Quizá en ese periodo, con escasas excepciones para rescatar, y en el que el facilismo y el convencionalismo tiranizaban la escritura para garantizar su accesibilidad, es que Fierro escribe lo más inimitable de su obra, con algunos libros fundamentales del núcleo central de su bibliografía, como Mutaciones (1972), Impedimenta (1973), y Capítulo aparte (1974). Fierro acuñó por entonces un estilo en el cual afincó su obra posterior, con versos cortos y contundentes que obligan a razonar a partir de lo irracional en apariencia, y sin exigir la complicidad participativa de la emoción. Con esto posponía el efecto de la escritura, en tanto esta se afirmaba como proceso irresoluto, en permanente continuidad. El libro Mutaciones, 2 (1983-1986), publicado en México en 2002, alerta sobre la persistencia y triunfo de ese método de existencia en el lenguaje, para pensar desde lo no-fácil, uno de cuyos resultados puede ser una escritura considerada por el lector mal entrenado como "difícil".

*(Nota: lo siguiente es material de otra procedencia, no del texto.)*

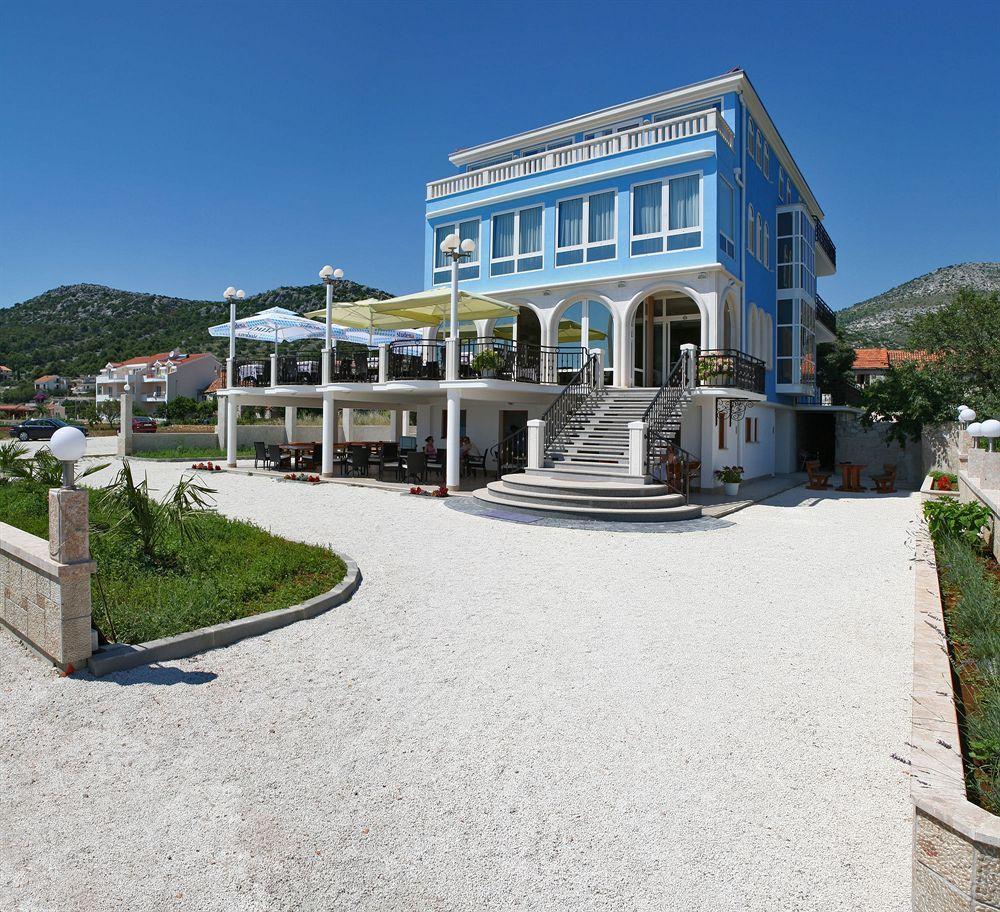 Villa Mediterana Seget Vranjica Exterior foto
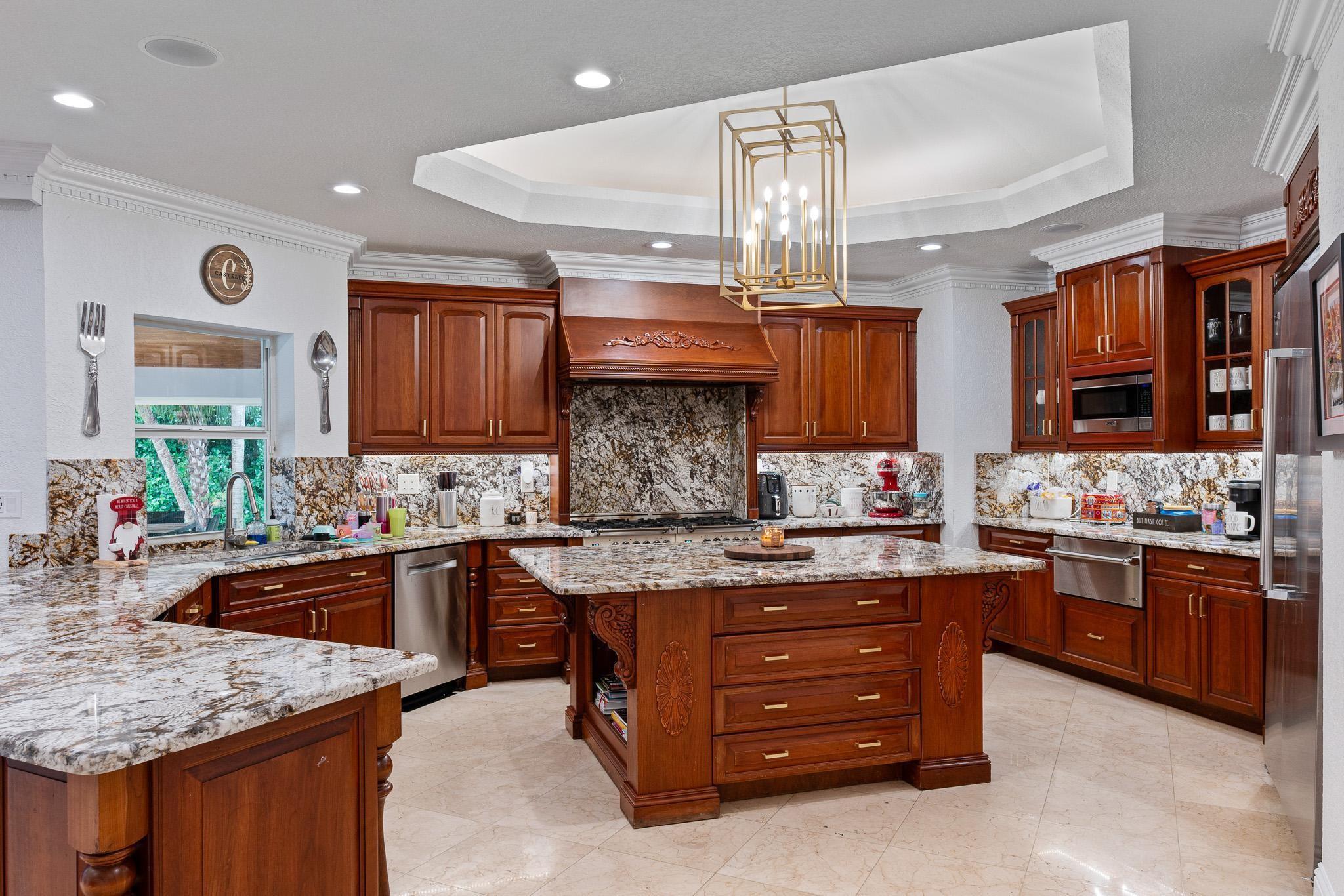 SUNSHINE RANCHES - Residential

La poesía de Fierro no venía del barroco español, y menos de Góngora (por más que lo hubiera leído y enseñado muy bien), sino que encontró sus afinidades, y hasta diría más, su punto de partida, en el acotamiento lexical y en la restricción sintáctica de la poesía estadounidense, ya sea la de William Carlos Williams como la de los objetivistas, Louis Zukovsky y George Oppen; este y su dictado: "Es necesario tenerle miedo a las palabras, es necesario tenerle miedo a cada palabra, a cada palabra". El lugar de las palabras en el espacio de la página y su autonomía en la relación con las demás palabras es una de las manifestaciones centrales. Por ahí hay que empezar a releer y resituar la obra de Fierro, la que, con su tono por momentos casi zen, fue indicadora de los accesos que podía tomar la poesía hispana pos Neruda y su mundo tan visual saturado de metáforas. Con estricto uso de la elipsis, Fierro se mostró como descendiente directo de Mallarmé, no de Lautréamont, pues en su poesía, incluso en momentos cuando lo coloquial tiene un desempeño no tan secundario, el que menos favoritismos recibe es el exceso; nada que pueda estar de adorno o énfasis extremo tiene cabida. En este aspecto, Fierro radicalizó el manejo de la expresión mínima y la fronterización de las emociones y la sinceridad. Las únicas emociones autorizadas son las de las palabras, no las del autor. Su mantra fue: cuanto menos, mejor. Lo sonoro no es heavy metal con distribución indiscriminada de acústicas, sino susurros al borde del silencio, a lo John Cage. En eso, que lo tuvo como uno de los primeros cultores, ya no es el único en la literatura uruguaya, que hoy parece haber tomado este camino como si transitara por una zona franca.

La obra de Enrique Fierro entroniza un discurso poético en el cual el lenguaje no está cotidianeizado, por lo que la felicidad de la escritura, al haberse librado de sus obligaciones de representación de lo real, va por renglón. En Quiero ver una vaca (1989), su poema más conocido, y con ubicua presencia en el repertorio del poeta cuando hacía lecturas públicas, Fierro escribe: "Entre una idea / Y una vaca colorada / Me quedo con la vaca colorada". En su obra, las ideas sobran: abundan, y al mismo tiempo están de más. El lenguaje no necesita de ellas para encontrar por doquier belleza, que bien puede ser la de una vaca de otro color.